Pour Yves Gonzalez, chercheur spécialiste du monde arabe, la déclaration de Leïla Shadid a été très « étonnante ».
« La déclaration de Leïla Shadid, dans ce contexte, est étonnante. Lorsqu’une diplomate comme elle prononce ces mots, il faut vraiment s’interroger », explique Yves Gonzalez.
Pour lui, si les propos de Leïla Shadid n’ont pas été prononcés sur le coup de l’émotion, il faut lire, à travers cette déclaration, une lassitude de l’Autorité palestinienne et, éventuellement, les traits d’une nouvelle politique engagée en Cisjordanie.
Vers un changement de stratégie à Ramallah ?
Selon Yves Gonzalez, Leïla Shahid a pu « préparer le terrain pour annoncer que l’Autorité palestinienne est en train de changer de politique. Peut-être brandit-elle la menace de ce changement de politique au sein de l’Organisation, quelques jours avant que la Palestine ne se présente devant les Nations unies pour demander sa reconnaissance en tant qu’État. »
« Une autre explication pourrait être que, pour Leïla Shahid, le vent a déjà tourné.
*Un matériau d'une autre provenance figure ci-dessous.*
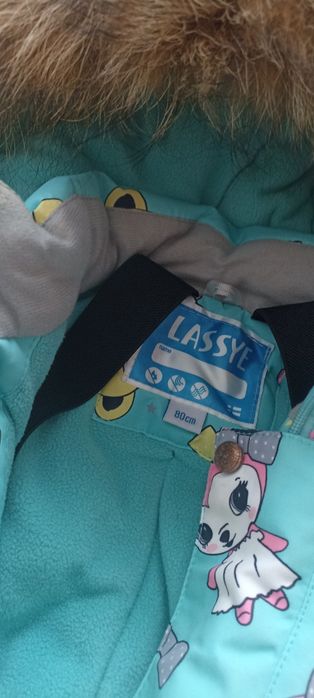 Продам зимний комбинезон Lassye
L’Autorité palestinienne a compris que le Hamas était sorti gagnant de cette opération et cette déclaration pourrait être à interpréter comme l’annonce d’une nouvelle position commune israélienne », ajoute encore Yves Gonzalez.
« Le choix de la résistance pacifique n’a mené à rien »
Pour Sébastien Boussois, chercheur en science politique à l’Université libre de Bruxelles, c’est la première fois qu’une responsable attitrée de l’Autorité palestinienne, de cette importance, prend une position si incisive sur l’évolution de la politique palestinienne et avoue par là même son impuissance face à la situation actuelle même si c’est un long processus.
« Le jeu du droit international ne fonctionne pas avec les Palestiniens »
Alors que des scientifiques français, russes et suisses sont actuellement en Cisjordanie afin d’exhumer et analyser la dépouille de Yasser Arafat, chef historique d’une organisation qui l’est tout autant, l’avenir des négociations de paix au Proche-Orient semble aujourd’hui bien compromis.